An additional upregulated gene related to arginine metabolism was speG (cbu1678; 3.5-fold) (Fig 3) that encodes a diamine acetyltransferase capable of acetylating polyamines such as putrescine and spermidine. This modification inactivates cationic polyamines that play diverse roles in bacterial physiology including stabilization of nucleic acids and the cell envelope, and protection against oxidative stress [80]. C. burnetii appears cable of generating putrescine from arginine by the activity of an arginine decarboxylase (CBU0722) and agmatinase (CBU0720). C. burnetii may also acquire additional polyamines from the host cell based on the property of basic amines to accumulate in acidic vesicles. Indeed, a polyamine auxotroph of Leishmania major can replicate in an acidic parasitophorous vacuole superficially similar to Coxiella’s [81, 82]. As opposed to speG, cbu0722 and cbu0720 were downregulated in SCV (2.3- and 4.6-fold, respectively) (S1 Table). Thus, it is possible that the SCV is limiting accumulation of physiologically active putrescine. It is interesting to speculate on the potential roles of polyamines in C. burnetii physiology. In Gram-negative bacteria like C. burnetii that lack Braun’s lipoprotein, polyamines are covalently linked to peptidoglycan to help anchor the cell wall to the outer membrane [83]. Perhaps this modification is important for envelope stability of LCV but not SCV. The nucleic acid stabilizing properties of polyamines may be supplanted in the SCV by chromatin-associated small basic proteins [27]. Indeed, 21 of 42 genes showing the greatest induction (>5.0-fold) in SCV encoded hypothetical proteins with an average pI of 9.3 and Mr of 16.3 kDa (S3 Table).

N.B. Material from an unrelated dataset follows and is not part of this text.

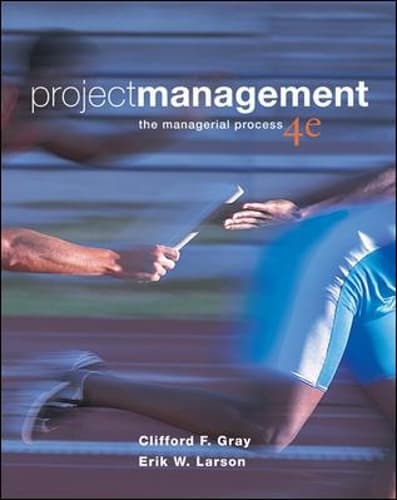 Cover of Project Management with MS Project CD + Student CD
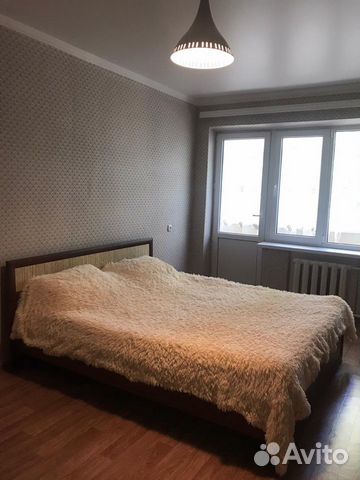 

1-к. квартира, 35 м², 1 кровать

Cell wall remodeling genes are upregulated in the SCV

A striking transcriptional signature of the SCV was induction (>7.6-fold) of 5 of 9 genes encoding YkuD family proteins (Pfam03734) that harbor a domain associated with L,D transpeptidase catalytic activity [30, 84] (Fig 3). L,D transpeptidases catalyze nonclassical 3–3 cross-links between diaminopimelate molecules in PG peptide stems while D,D transpeptidases (also known as penicillin-binding proteins) catalyze 4–3 peptide cross-links between D-alanine and diaminopimelate [85]. In E. coli, L,D transpeptidases also attach Braun lipoprotein to PG [86]. Bacteria primarily synthesize 4–3 cross-links [85]; however, E. coli increases the percentage of 3–3 cross-links from 5.8 to 10.6% as it transitions from exponential to stationary phase growth [87], while the cell wall of Mycobacterium tuberculosis contains 60% 3–3 cross-links irrespective of growth state [88]. Although the nature of peptide cross-links determines the efficacy of antibiotics that target cell wall transpeptidation [31, 8891], the structural and physiological benefits of 3–3 cross-links remain obscure. There is a shorter distance between glycan strands with 3–3 cross-links that may increase PG rigidity [92, 93]. Unlike D,D transpeptidases, L,D transpeptidases can also catalyze cross-links without de novo synthesis of muropeptide precursors [94], an energy saving strategy for stationary phase bacteria undergoing morphological change [94]. Nonetheless, L,D transpeptidase mutants of M. tuberculosis show attenuated virulence [31, 91], defects in several physiological processes [31], and aberrant cell shape [31, 93].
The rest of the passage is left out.